### Your goal
Quote the entries word for word. Omit the pictures.

### Data excerpts
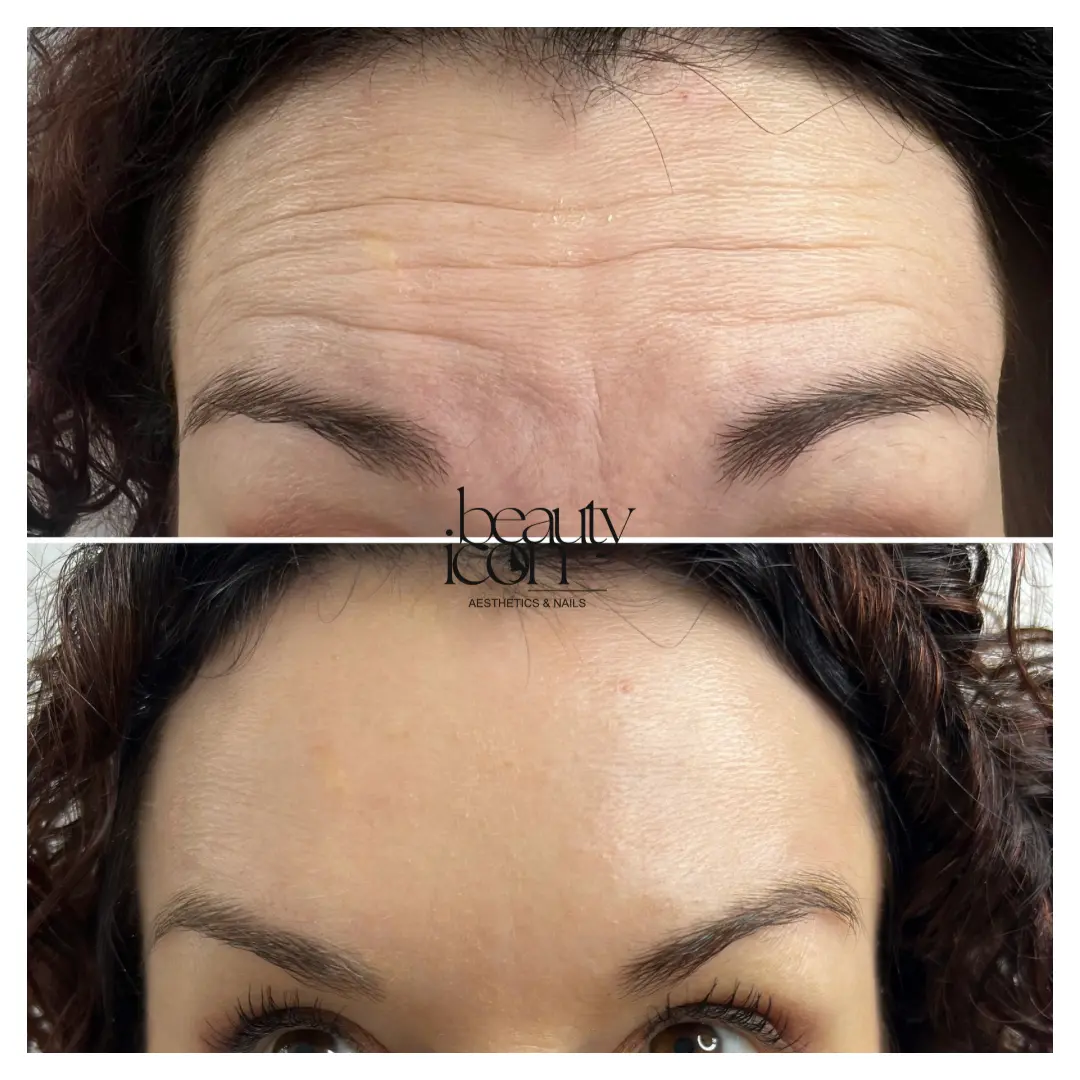 Anti-wrinkle - forehead - client work at Beauty Icon Solihull
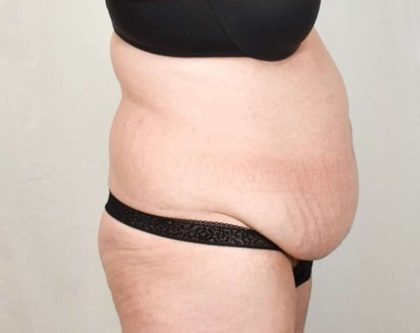 Tummy Tuck Before & After Patient #291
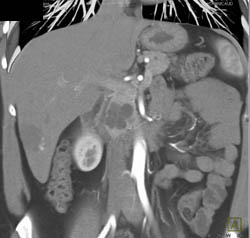 Intraductal Papillary Mucinous Neoplasm (IPMN) - CTisus CT Scan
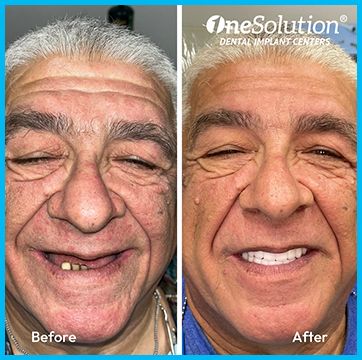 OneSolution® patient before and after 1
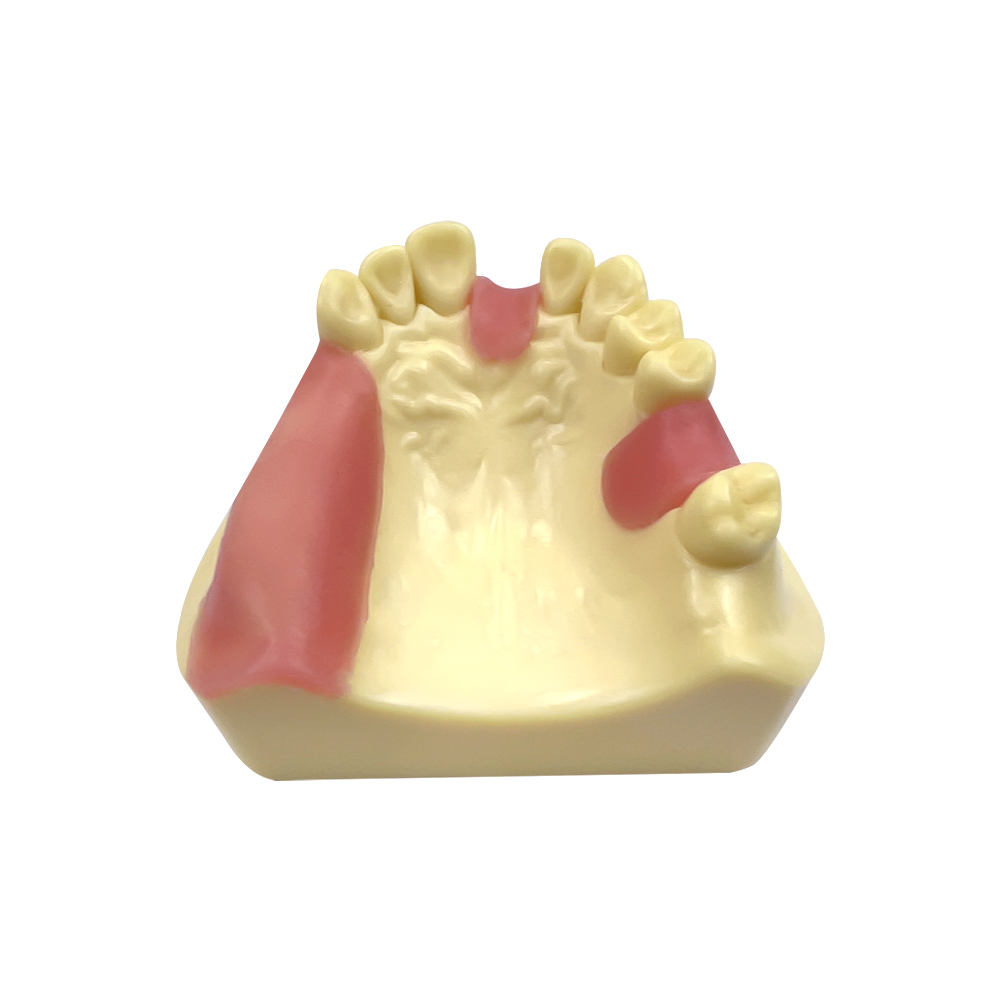 Maxillair implantaatmodel met zacht tandvlees implantaatonderwijsmodel voor tandheelkundige technicus praktijk training studeren model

### Written solution
 Anti-wrinkle - forehead - client work at Beauty Icon Solihull
 Tummy Tuck Before & After Patient #291
 Intraductal Papillary Mucinous Neoplasm (IPMN) - CTisus CT Scan
 OneSolution® patient before and after 1
 Maxillair implantaatmodel met zacht tandvlees implantaatonderwijsmodel voor tandheelkundige technicus praktijk training studeren model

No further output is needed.